• PROBLEM TO WORK ON: Transcribe every line of the material below exactly, leaving out the pictures.

• DATA EXTRACT:
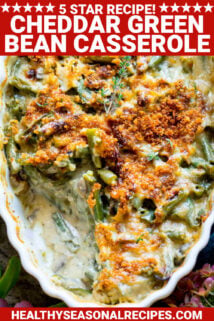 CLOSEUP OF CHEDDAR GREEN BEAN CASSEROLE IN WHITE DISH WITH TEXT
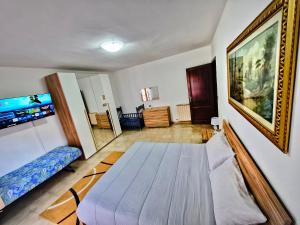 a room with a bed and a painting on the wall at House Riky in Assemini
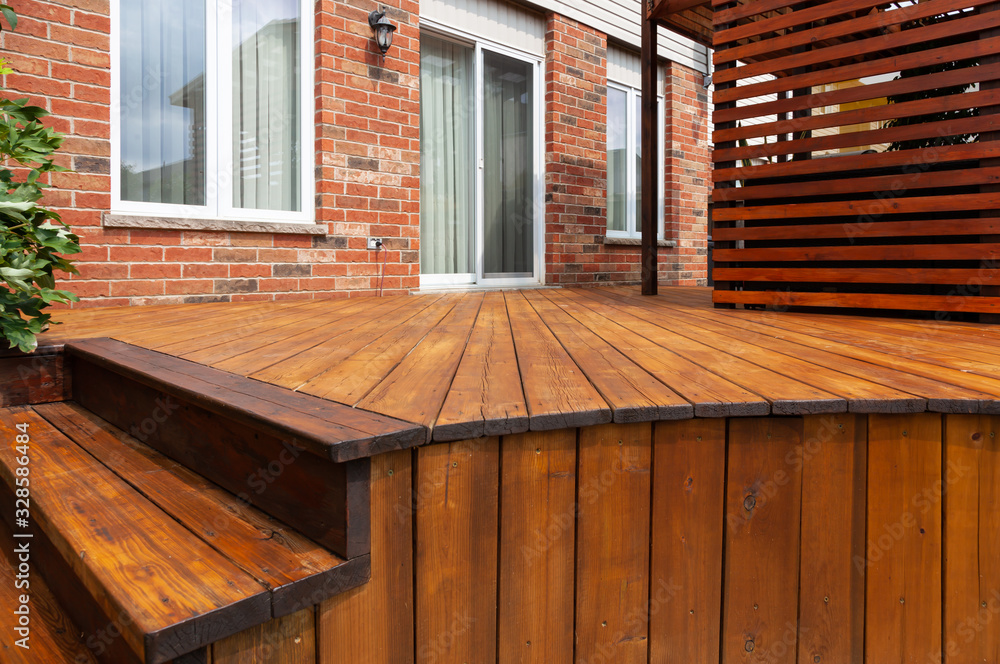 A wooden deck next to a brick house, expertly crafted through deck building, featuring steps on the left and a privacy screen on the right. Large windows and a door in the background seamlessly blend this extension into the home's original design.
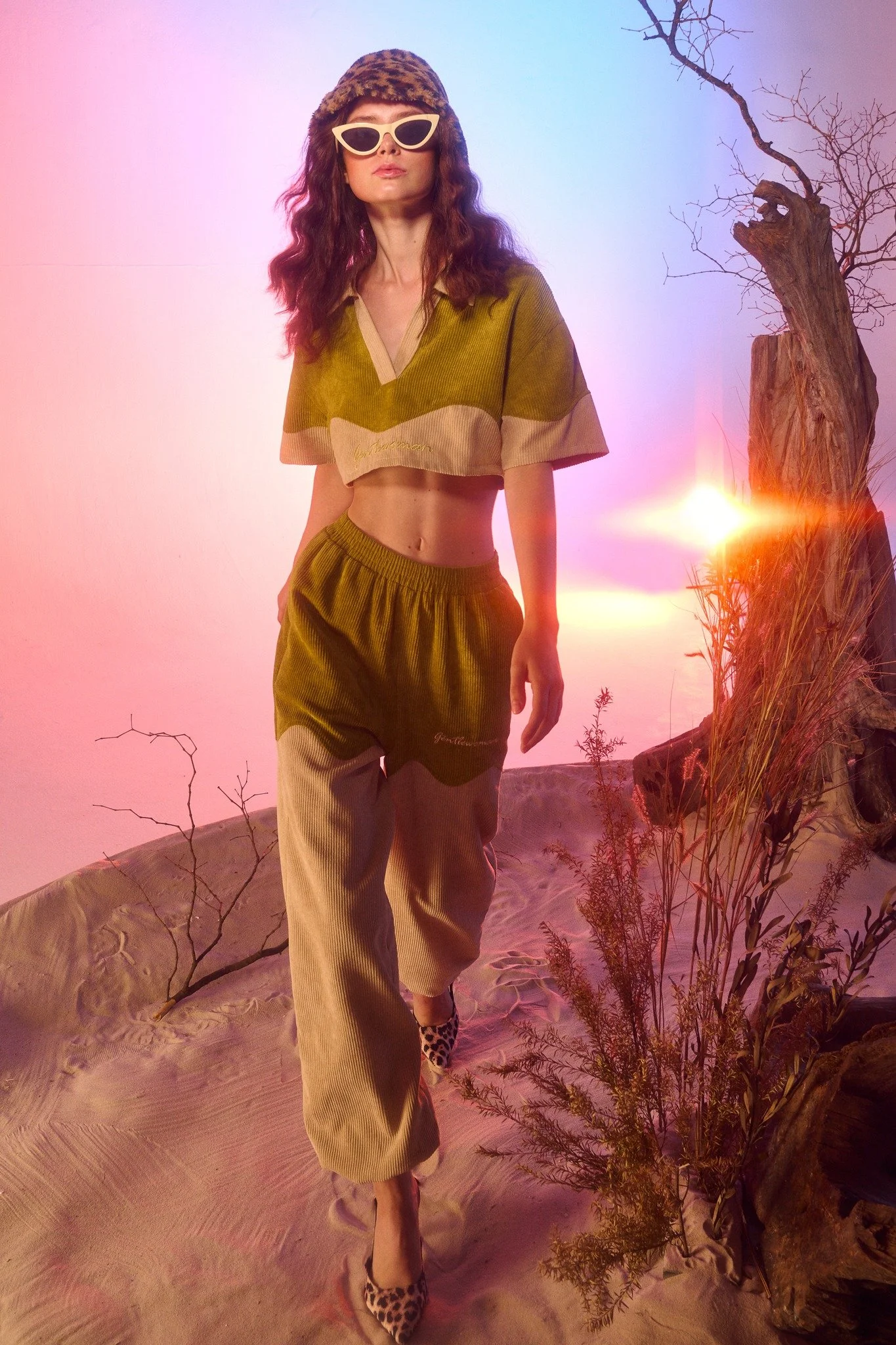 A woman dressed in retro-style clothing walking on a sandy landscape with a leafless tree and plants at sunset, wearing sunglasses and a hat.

• ANSWER SECTION:
 CLOSEUP OF CHEDDAR GREEN BEAN CASSEROLE IN WHITE DISH WITH TEXT
 a room with a bed and a painting on the wall at House Riky in Assemini
 A wooden deck next to a brick house, expertly crafted through deck building, featuring steps on the left and a privacy screen on the right. Large windows and a door in the background seamlessly blend this extension into the home's original design.
 A woman dressed in retro-style clothing walking on a sandy landscape with a leafless tree and plants at sunset, wearing sunglasses and a hat.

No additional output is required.